• What needs to be done: Starting at the line with "Nouvelle lampe suspendue" and going on through the line with "Imagen del vendedor", reproduce each line in the records below exactly and nothing more.

(Collected data)
'''

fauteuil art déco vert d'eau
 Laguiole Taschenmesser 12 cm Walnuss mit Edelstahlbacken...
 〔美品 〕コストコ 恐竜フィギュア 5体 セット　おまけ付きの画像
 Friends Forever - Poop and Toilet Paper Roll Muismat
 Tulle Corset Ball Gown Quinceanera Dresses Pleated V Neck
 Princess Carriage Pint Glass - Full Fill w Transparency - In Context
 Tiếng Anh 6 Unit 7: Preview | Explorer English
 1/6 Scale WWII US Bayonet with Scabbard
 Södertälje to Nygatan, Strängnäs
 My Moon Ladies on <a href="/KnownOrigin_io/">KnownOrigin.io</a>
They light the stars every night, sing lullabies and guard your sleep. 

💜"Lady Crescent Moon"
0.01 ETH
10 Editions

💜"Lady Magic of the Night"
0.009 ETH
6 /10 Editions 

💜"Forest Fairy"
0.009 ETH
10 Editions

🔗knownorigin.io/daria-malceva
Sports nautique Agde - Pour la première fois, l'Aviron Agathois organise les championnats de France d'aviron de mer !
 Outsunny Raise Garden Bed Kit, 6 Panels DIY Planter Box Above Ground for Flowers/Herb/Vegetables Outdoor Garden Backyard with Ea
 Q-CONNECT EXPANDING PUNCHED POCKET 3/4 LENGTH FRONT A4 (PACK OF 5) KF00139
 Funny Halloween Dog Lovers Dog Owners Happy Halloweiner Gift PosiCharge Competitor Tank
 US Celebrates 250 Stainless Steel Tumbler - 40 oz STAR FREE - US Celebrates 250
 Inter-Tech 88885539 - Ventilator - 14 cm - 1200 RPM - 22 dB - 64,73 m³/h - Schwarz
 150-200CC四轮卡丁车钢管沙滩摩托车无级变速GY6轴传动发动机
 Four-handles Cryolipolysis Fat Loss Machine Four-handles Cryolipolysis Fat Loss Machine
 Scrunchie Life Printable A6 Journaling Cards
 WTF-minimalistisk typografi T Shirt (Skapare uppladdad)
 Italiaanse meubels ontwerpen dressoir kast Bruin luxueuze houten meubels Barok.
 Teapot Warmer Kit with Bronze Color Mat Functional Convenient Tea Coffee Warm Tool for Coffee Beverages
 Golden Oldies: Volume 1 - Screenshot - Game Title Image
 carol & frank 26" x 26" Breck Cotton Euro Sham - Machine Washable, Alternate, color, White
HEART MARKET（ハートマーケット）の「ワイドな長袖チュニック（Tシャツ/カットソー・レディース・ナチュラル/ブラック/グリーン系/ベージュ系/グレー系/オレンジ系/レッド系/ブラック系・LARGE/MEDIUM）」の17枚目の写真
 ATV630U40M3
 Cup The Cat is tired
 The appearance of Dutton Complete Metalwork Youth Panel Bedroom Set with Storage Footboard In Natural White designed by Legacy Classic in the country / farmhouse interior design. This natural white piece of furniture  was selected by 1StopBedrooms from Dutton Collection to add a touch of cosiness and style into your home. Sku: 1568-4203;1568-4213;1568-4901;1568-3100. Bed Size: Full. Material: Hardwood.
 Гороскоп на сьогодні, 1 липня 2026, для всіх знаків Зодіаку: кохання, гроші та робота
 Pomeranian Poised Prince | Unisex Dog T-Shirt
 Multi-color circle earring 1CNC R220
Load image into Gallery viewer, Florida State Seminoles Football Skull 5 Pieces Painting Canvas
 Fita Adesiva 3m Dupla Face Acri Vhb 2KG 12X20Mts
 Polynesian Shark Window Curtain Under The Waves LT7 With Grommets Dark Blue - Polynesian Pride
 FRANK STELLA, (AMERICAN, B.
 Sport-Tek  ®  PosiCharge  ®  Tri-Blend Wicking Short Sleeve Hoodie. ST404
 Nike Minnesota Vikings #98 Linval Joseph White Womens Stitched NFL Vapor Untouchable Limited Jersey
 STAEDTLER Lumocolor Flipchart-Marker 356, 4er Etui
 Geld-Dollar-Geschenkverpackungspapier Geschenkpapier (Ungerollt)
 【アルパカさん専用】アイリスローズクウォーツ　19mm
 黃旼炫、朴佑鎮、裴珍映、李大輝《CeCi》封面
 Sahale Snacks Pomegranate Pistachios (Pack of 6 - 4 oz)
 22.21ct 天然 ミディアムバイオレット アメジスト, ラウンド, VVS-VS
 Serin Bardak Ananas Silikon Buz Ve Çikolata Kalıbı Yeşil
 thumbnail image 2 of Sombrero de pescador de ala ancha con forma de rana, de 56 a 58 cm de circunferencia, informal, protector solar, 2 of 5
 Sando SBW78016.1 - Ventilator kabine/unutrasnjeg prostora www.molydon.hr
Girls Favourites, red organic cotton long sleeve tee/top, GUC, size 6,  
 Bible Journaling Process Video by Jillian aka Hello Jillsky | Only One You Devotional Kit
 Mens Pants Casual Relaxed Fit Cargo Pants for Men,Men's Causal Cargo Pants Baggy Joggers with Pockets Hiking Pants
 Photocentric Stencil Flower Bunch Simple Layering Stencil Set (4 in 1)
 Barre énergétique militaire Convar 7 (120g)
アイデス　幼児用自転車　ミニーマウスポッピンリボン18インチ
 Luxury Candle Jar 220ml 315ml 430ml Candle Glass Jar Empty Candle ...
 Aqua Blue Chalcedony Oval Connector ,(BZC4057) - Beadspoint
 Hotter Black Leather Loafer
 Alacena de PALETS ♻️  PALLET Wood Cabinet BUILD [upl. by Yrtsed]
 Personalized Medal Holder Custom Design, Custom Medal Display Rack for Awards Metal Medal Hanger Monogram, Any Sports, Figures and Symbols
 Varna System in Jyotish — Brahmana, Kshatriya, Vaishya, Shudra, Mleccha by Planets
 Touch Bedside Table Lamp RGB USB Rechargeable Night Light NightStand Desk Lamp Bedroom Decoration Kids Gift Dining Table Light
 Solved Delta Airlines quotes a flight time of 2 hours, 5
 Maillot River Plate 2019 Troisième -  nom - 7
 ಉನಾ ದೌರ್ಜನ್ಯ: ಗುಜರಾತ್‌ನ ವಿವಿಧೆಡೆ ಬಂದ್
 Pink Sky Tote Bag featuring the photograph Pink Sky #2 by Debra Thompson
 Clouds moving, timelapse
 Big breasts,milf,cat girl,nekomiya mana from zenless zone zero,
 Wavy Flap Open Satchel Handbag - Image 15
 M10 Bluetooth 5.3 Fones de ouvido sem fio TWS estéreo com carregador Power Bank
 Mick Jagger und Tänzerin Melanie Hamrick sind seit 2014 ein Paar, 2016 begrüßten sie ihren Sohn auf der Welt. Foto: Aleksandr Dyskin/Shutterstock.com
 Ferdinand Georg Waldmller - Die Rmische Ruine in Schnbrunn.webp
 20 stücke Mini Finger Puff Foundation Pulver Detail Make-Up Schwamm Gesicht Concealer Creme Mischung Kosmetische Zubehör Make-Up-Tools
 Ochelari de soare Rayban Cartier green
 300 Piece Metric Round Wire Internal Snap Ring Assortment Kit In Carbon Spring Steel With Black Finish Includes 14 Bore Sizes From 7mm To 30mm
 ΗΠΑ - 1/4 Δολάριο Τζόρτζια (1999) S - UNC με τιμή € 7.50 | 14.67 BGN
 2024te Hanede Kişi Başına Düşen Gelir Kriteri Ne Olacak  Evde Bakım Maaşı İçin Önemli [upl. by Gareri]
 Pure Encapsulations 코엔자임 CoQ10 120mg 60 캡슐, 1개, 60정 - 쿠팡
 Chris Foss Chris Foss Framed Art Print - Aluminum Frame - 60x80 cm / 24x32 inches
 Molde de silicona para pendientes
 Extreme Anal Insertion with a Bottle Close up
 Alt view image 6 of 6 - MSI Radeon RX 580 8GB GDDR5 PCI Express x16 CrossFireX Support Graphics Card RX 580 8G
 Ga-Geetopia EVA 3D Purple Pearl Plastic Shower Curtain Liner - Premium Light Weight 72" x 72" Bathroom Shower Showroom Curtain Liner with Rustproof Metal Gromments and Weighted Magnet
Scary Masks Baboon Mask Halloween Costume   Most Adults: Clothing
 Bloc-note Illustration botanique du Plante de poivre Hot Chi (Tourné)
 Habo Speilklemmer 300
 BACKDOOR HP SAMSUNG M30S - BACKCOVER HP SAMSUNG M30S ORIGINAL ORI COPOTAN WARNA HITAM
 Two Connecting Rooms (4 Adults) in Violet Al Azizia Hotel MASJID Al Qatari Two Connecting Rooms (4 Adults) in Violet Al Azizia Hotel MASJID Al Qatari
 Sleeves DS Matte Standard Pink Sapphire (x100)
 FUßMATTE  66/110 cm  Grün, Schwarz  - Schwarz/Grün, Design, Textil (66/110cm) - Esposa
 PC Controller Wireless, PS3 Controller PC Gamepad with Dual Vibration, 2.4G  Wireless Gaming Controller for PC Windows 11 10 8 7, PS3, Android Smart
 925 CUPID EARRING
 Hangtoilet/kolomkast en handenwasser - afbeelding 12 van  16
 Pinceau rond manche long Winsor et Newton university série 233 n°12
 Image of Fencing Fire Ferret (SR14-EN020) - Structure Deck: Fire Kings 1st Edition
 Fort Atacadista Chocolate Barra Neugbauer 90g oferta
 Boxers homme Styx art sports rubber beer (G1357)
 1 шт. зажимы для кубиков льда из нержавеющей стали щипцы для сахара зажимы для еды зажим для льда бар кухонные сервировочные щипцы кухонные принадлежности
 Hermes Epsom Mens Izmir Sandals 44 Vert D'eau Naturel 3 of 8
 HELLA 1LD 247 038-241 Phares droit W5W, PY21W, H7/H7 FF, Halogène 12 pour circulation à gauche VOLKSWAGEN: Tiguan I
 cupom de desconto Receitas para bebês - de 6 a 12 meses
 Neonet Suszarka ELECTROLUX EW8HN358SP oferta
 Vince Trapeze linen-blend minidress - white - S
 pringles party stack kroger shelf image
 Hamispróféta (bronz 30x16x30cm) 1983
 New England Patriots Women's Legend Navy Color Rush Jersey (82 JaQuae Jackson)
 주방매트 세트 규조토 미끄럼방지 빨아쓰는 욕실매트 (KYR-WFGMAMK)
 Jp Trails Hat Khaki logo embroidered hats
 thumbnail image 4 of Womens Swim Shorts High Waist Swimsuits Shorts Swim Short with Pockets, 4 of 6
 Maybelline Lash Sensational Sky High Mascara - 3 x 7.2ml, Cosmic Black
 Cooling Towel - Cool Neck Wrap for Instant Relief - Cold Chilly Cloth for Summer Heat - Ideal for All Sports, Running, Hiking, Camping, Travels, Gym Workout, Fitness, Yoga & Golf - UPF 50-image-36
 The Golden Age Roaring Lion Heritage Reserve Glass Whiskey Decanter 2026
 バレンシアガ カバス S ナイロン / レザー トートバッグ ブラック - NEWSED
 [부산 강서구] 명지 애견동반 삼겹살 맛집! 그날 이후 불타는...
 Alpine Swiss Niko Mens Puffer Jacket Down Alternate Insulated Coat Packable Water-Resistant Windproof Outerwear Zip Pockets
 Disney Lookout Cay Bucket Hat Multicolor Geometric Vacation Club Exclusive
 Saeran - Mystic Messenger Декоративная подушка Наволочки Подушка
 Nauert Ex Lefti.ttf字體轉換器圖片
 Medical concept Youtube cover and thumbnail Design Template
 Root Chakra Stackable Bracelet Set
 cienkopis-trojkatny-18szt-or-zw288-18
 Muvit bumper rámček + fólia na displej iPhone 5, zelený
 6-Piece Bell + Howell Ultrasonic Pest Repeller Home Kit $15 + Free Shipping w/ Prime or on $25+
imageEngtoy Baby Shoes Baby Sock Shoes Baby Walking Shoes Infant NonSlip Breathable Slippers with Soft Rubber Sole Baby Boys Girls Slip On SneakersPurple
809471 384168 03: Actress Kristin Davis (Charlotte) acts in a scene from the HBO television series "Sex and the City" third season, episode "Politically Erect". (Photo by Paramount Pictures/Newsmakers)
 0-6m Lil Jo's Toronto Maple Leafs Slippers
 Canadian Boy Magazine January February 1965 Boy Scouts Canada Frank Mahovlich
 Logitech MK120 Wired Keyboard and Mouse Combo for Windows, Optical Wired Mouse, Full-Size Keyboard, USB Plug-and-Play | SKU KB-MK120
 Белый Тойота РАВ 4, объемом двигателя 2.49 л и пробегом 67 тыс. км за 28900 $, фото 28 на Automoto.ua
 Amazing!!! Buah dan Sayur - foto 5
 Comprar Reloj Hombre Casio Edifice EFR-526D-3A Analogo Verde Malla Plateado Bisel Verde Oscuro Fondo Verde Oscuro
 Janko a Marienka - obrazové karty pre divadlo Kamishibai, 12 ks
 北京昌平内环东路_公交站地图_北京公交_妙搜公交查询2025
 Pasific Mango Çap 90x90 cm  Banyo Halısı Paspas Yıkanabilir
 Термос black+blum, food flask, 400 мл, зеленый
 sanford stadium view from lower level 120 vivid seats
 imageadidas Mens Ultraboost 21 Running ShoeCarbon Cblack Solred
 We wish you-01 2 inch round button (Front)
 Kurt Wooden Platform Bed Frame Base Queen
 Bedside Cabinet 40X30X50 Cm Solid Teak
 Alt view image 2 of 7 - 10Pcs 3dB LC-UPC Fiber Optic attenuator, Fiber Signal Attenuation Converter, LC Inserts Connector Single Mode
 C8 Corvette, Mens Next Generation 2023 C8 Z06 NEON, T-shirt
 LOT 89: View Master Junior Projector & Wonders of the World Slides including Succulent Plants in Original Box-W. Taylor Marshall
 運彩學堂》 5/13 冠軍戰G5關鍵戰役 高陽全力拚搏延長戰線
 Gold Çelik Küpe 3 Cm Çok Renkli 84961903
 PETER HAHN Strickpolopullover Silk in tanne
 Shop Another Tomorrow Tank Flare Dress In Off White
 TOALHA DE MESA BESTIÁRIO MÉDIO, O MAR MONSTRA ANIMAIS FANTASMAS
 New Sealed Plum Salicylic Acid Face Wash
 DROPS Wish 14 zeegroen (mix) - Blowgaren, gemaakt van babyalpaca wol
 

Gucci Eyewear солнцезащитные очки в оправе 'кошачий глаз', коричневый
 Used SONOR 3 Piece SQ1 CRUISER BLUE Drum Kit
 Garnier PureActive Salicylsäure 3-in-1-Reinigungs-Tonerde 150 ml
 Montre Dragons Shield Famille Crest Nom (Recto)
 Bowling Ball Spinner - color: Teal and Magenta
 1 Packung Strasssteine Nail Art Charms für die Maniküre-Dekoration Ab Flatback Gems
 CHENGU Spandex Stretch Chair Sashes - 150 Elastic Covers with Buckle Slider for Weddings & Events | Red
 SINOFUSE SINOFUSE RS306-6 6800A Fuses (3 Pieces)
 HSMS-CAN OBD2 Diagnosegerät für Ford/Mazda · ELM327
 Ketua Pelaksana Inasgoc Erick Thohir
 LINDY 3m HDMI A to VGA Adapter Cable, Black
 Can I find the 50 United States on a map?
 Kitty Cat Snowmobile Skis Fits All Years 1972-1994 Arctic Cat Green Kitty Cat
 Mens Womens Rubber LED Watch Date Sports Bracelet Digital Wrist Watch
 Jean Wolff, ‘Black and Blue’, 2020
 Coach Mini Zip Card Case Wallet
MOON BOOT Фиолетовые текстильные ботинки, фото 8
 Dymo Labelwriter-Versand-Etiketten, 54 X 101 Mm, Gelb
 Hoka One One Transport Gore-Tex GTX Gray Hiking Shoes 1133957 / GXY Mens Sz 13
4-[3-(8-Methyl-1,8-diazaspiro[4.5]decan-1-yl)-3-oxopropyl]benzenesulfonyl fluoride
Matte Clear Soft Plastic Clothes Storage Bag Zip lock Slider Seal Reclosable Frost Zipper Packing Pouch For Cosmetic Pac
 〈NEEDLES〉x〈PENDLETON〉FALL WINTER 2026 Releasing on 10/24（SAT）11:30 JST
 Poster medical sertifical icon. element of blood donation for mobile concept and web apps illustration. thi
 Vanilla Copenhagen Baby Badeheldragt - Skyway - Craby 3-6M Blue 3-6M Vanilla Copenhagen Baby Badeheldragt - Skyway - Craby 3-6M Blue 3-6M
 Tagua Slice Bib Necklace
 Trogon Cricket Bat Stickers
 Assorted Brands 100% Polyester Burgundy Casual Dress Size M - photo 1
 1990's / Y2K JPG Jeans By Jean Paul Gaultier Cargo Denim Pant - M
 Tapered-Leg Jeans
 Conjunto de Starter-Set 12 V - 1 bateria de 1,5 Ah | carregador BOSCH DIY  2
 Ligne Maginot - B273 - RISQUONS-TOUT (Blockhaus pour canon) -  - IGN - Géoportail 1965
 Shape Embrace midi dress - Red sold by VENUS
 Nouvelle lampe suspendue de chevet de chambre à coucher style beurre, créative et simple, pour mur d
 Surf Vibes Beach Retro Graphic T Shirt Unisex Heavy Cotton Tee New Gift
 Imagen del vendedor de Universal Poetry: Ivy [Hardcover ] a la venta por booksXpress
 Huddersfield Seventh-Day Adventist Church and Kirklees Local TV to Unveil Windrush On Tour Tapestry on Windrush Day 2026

'''

• Task result:
 Nouvelle lampe suspendue de chevet de chambre à coucher style beurre, créative et simple, pour mur d
 Surf Vibes Beach Retro Graphic T Shirt Unisex Heavy Cotton Tee New Gift
 Imagen del vendedor de Universal Poetry: Ivy [Hardcover ] a la venta por booksXpress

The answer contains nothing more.